Convolution is an operation closely related to linear correlation. The term convolution might be familiar to people following news on neural networks and deep learning. We are talking about the convolution in Convolutional Neural Networks. Convolution is defined as \[I_1(x,y) \ast I_2(x,y) = \sum_{x_*=-\infty}^{\infty}\sum_{y_*=-\infty}^{\infty}{I_1(x-x_*,y-y_*)I_2(x_*,y_*)} \qquad(2) \] where \(I_1\) and \(I_2\) are images. As can be seen here the main difference between linear correlation and convolution is the sign of the terms \(x_*\) and \(y_*\). Convolution and linear filtering are related through what is called the impulse response.

Impulse response \(H(x,y)\) is the response of a filter to a short impulse. Short impulse is defined as either Dirac delta function for continuous systems or Kronecker delta function for discrete systems such as 2D images. The Kronecker delta function is given by \[\delta(x,y) = \begin{cases}

1, & \text{if x = y}\\

0, & \text{otherwise}

\end{cases} \qquad(3) \]

The impulse response \(H(x,y)\) of a filter \(W(x,y)\) can be computed by plugging the delta function above to the equation of linear filtering [eq:linear-filtering] defined at the top of the page. By doing so you can observe that \(H(x,y) = W(-x,-y)\). This defines the relationship between convolution and linear correlation. The filter used in convolution is thus a ”mirror image“ of the weights used in linear correlation.
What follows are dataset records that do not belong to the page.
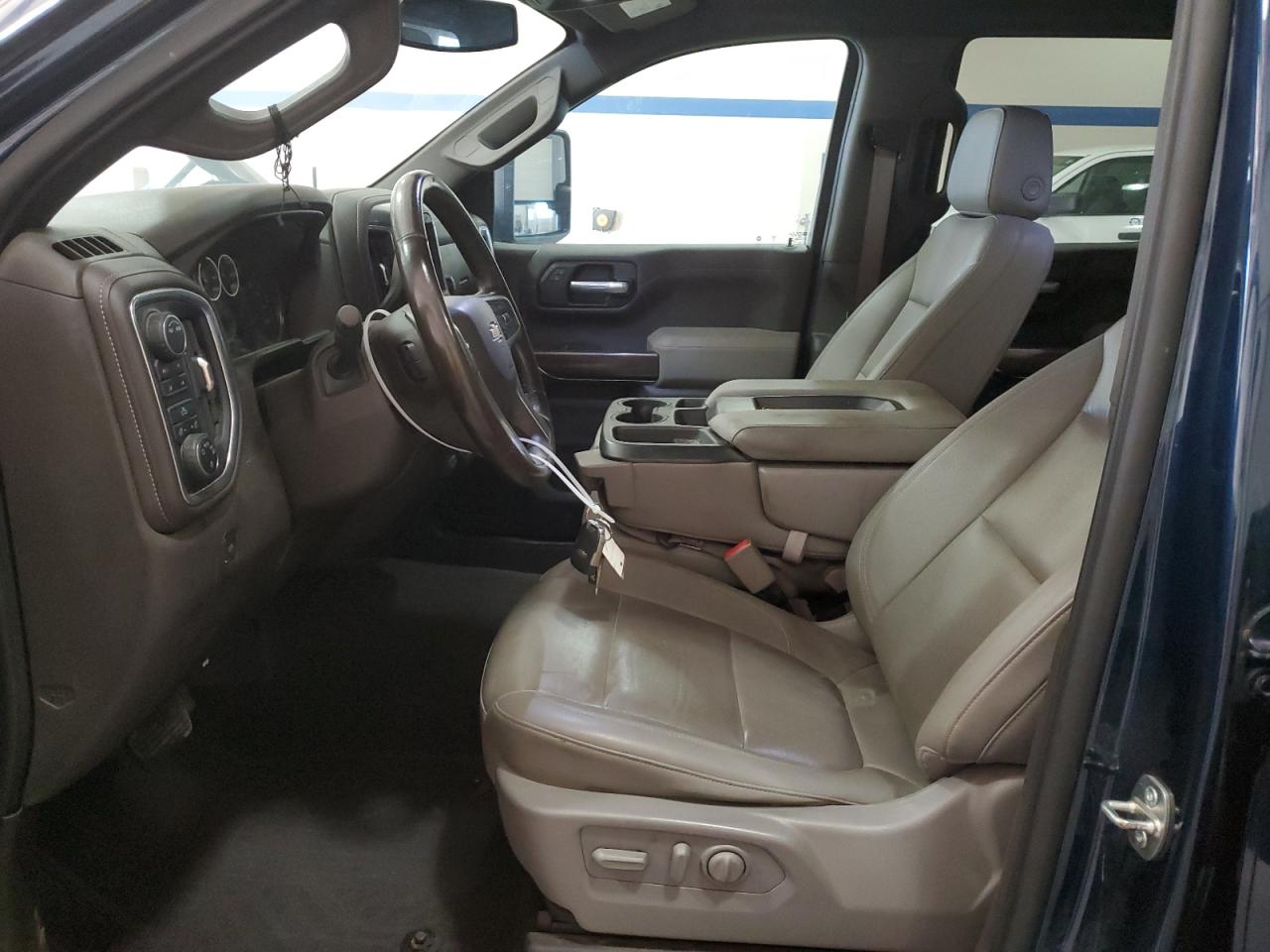 CHEVROLET SILVERADO K1500 LT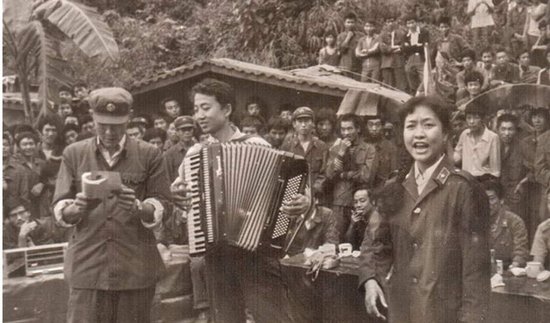 党报忆总政歌舞团60年:彭丽媛等冒危险赴前线
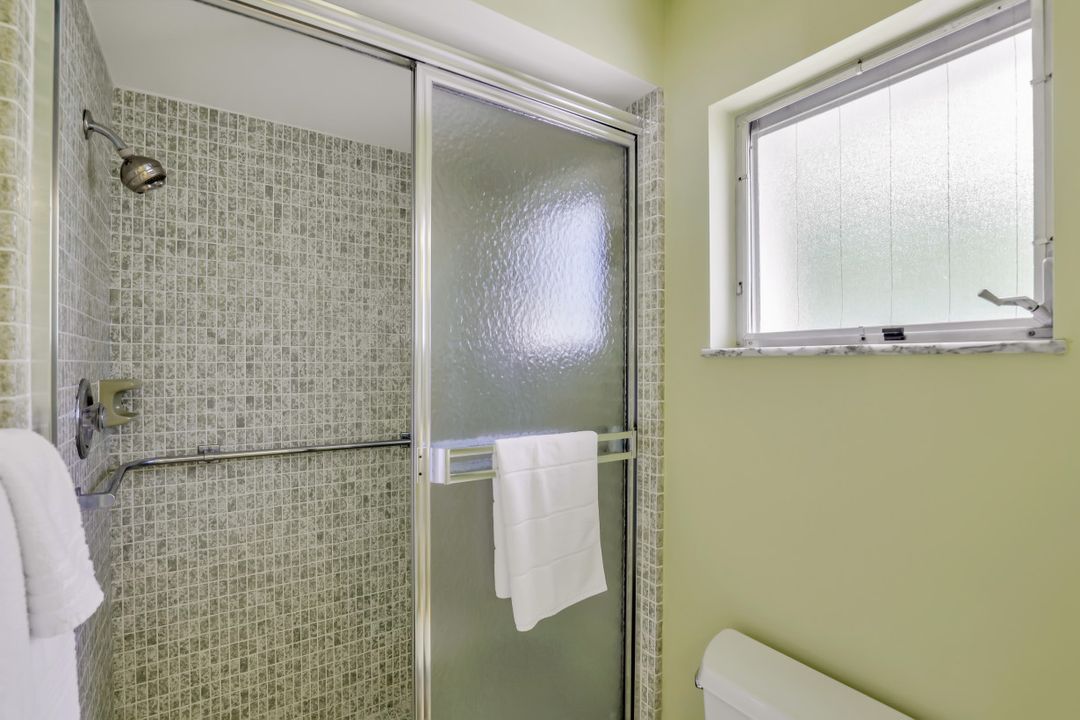 5165 Starfish Ave, Naples, FL 34103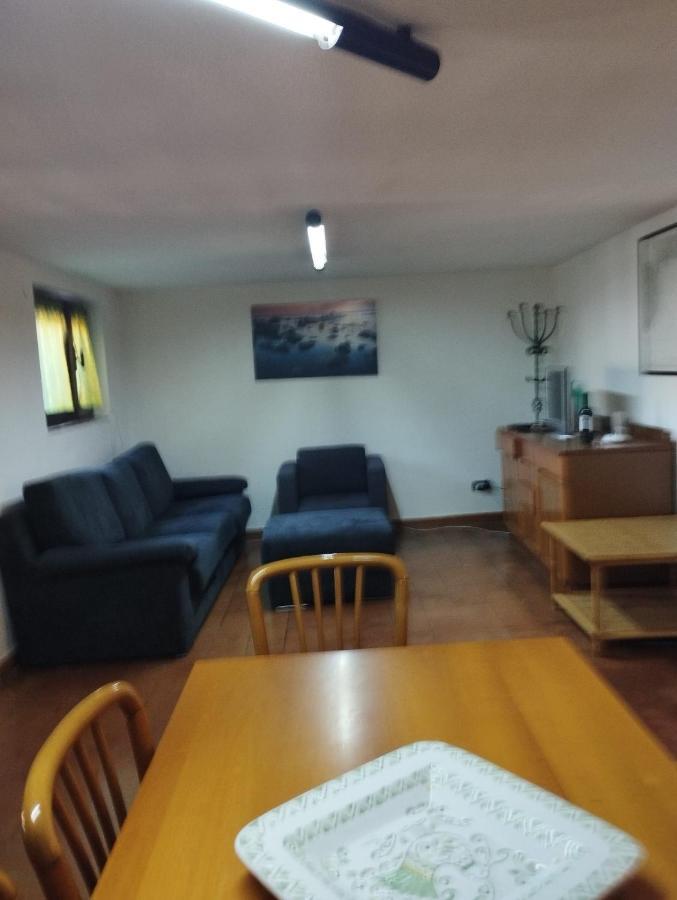 Casa Vacanze Cettina Home 3 Mt 50 Dal Mare Terra Mala ภายนอก รูปภาพ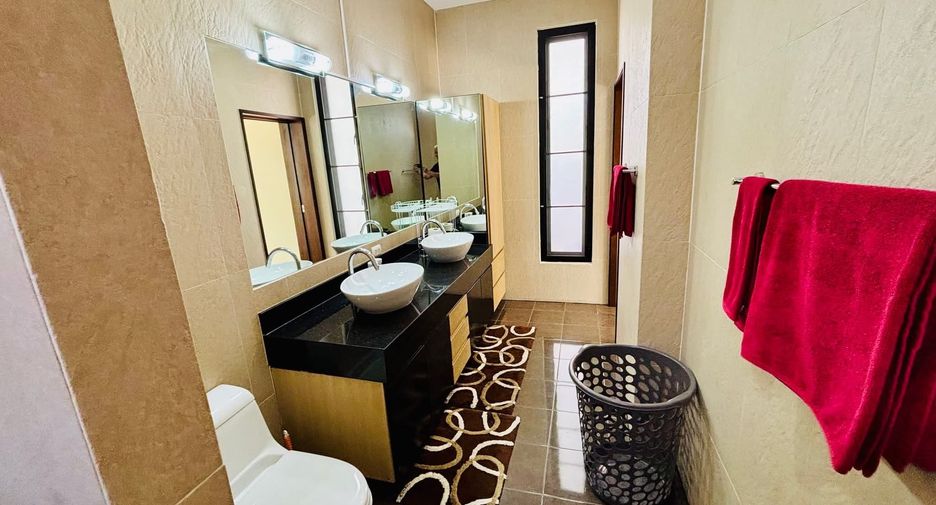 Villa en alquiler de 3 habitaciones en Mueang Phuket, Phuket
Why would anyone bother mirroring their weight matrix to compute convolutions instead of linear correlations you may ask? There are two reasons. In the context of natural image statistics this is done because the impulse response has desired properties in the frequency based analysis of linear filtering, which we will come back to in the next section. The other reason is that the convolution operation offers mathematical convenience as it is a commutative operation http://www.deeplearningbook.org/contents/convnets.html.

With convolution in our toolbox we can express the filtering operation using the impulse response as \[O(x,y) = I(x,y) \ast H(x,y) \qquad(4) \]

## Frequency-based representation

By looking at the values of a 2D filter it is often hard to tell what its effect is on the input image. Frequency-based representation is an useful tool for the analysis of such linear filters. Frequency-based representation is a way of representing signal in terms of sinusoidal components.

The regular way to represent images is called the spatial representation. The spatial representation of an image is a set of numbers which represent the intensity of the pixel in that channel (in grayscale there’s one channel, in RGB there are three etc.). In the frequency based representation the image is given as a set of numbers that describe the *amplitudes* and *phases* of the sinusoidal components of the image. The sinusoidal signal is of the form \(A \cos(\omega x + \Psi)\) where \(A\) is the amplitude, \(\omega\) is the frequency and \(\Psi\) is the phase.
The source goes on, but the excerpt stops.